On Windows, ``libzstd`` will be added to
`the source dependencies <https://github.com/python/cpython-source-deps>`_
used to build libraries CPython depends on for Windows.

Other compression modules
-------------------------

New import names ``compression.lzma``, ``compression.bz2``, and
``compression.zlib`` will be introduced in Python 3.14 re-exporting the
contents of the existing ``lzma``, ``bz2``, and ``zlib`` modules respectively.

The ``_compression`` module, given that it is marked private, will be
immediately renamed to ``compression._common.streams``. The new name was
selected due to the current contents of the module being I/O related helpers
for stream APIs (e.g. ``LZMAFile``) in standard library compression modules.
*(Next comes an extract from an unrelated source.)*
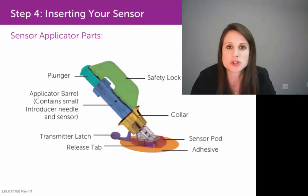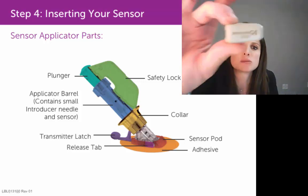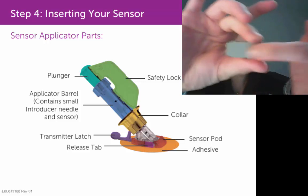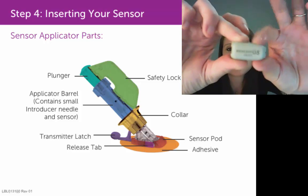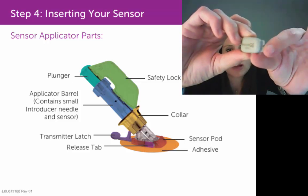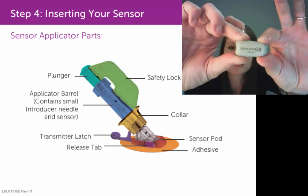At that point, you'll want to insert the transmitter into your sensor pod. Take your transmitter and clean the back of it with an alcohol pad. You'll notice there's a narrow end that says G5 — or yours might say G4 — with two little gray teeth that stick out. You want to insert that side of the transmitter into the sensor pod first.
Compression module migration timeline
-------------------------------------

Existing modules will emit a ``DeprecationWarning`` in the Python
release following the last Python without the ``compression`` module leaving
support. For example, if the ``compression`` namespace is introduced in 3.14,
then the ``DeprecationWarnings`` would be emitted in 3.19, the next release
after 3.13 reaches end of life. Following the standard deprecation timeline
specified in :pep:`387`, in Python 3.24 the existing modules will be removed
and code must use the ``compression`` sub-modules. The documentation for these
modules will be updated to discuss the planned deprecation and removal
timelines.


Backwards Compatibility
=======================

The main compatibility concern is usage of existing standard library
compression APIs with the existing import names. These names will be
deprecated in 3.19 and will be removed in 3.24. Given the long coexistance of
the modules and a 5 year deprecation period, most users will likely migrate to
the new import names well before then. Additionally, a libCST codemod can be
provided to automatically rewrite imports, easing the migration.

Security Implications
=====================

As with any new C code, especially code operating on potentially untrusted user
input, there are risks of memory safety issues. The author plans on
contributing integration with libfuzzer to enable fuzzing the ``_zstd`` code
and ensure it is robust. Furthermore, there are a number of tests that exercise
the compression and decompression routines. These tests pass without error when
compiled with AddressSanitizer.

Taking on a new dependency also always has security risks, but the ``zstd``
library is mature, fuzzed on each commit, and `participates in Meta's bug bounty
program <https://github.com/facebook/zstd/blob/dev/SECURITY.md>`_.

How to Teach This
=================

Documentation for the new module is in the reference implementation branch. The
documentation for other modules will be updated to discuss the deprecation of
their existing import names, and how to migrate.

Reference Implementation
========================

The `reference implementation <https://github.com/emmatyping/cpython/tree/zstd>`_
contains the ``_zstd`` C code, the ``compression.zstd`` code, modifications to
``tarfile``, ``shutil``, and ``zipfile``, and tests for each new API and
integration added. It also contains the re-exports of other compression
modules. Deprecations for the existing import names will be added once a
decision is reached regarding the open issues.

Rejected Ideas
==============

Name the module ``libzstd`` and do not make a new ``compression`` namespace
---------------------------------------------------------------------------

One option instead of making a new ``compression`` namespace would be to find
a different name, such as ``libzstd``, as the import name. However, the issue
of existing import names is likely to persist for future compression formats
added to the standard library. LZ4, a common high speed compression format,
has `a package on PyPI <https://pypi.org/project/lz4/>`_, ``lz4``, with the
import name ``lz4``. Instead of solving this issue for each compression format,
it is better to solve it once and for all by using the already-claimed
``compression`` namespace.

Copyright
=========

This document is placed in the public domain or under the
CC0-1.0-Universal license, whichever is more permissive.